Later, as he walked with Nell by the golden-fringed stream, he spoke of Joe.
“Joe wanted so much to hunt with Wetzel. He will come back; surely he will return to us when he has satisfied his wild craving for adventure. Do you not think so?”
There was an eagerness that was almost pleading in Jim’s voice. What he so much hoped for—that no harm had befallen Joe, and that he would return—he doubted. He needed the encouragement of his hope.
“Never,” answered Nell, solemnly.
“Oh, why—why do you say that?”
“I saw him look at you—a strange, intent glance. He gazed long at me as we separated. Oh! I can feel his eyes. No; he will never come back.”
“Nell, Nell, you do not mean he went away deliberately—because, oh! I cannot say it.”

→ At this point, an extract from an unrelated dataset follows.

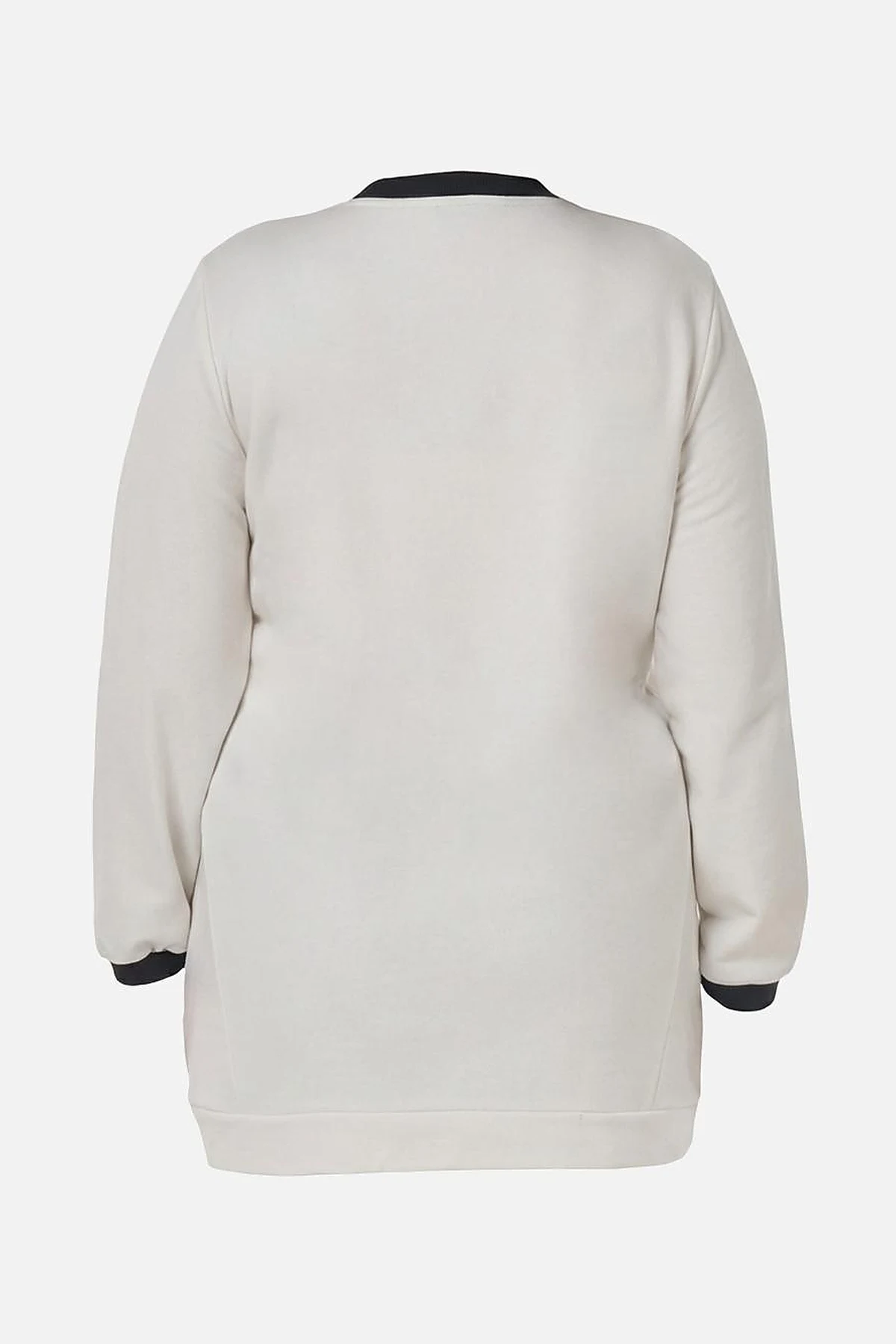 Kontrast Şeritli Scuba Sweatshirt Ekru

“For no reason, except that the wilderness called him more than love for you or—me.”
“No, no,” returned Jim, his face white. “You do not understand. He really loved you—I know it. He loved me, too. Ah, how well! He has gone because—I can’t tell you.”
“Oh, Jim, I hope—he loved—me,” sobbed Nell, bursting into tears. “His coldness—his neglect those—last few days—hurt me—so. If he cared—as you say—I won’t be—so—miserable.”
“We are both right—you when you say he will never return, and I when I say he loved us both,” said Jim sadly, as the bitter certainty forced itself into his mind.
As she sobbed softly, and he gazed with set, stern face into the darkening forest, the deep, mellow notes of the church bell pealed out. So thrilled, so startled were they by this melody wondrously breaking the twilight stillness, that they gazed mutely at each other. Then they remembered. It was the missionary’s bell summoning the Christian Indians to the evening service.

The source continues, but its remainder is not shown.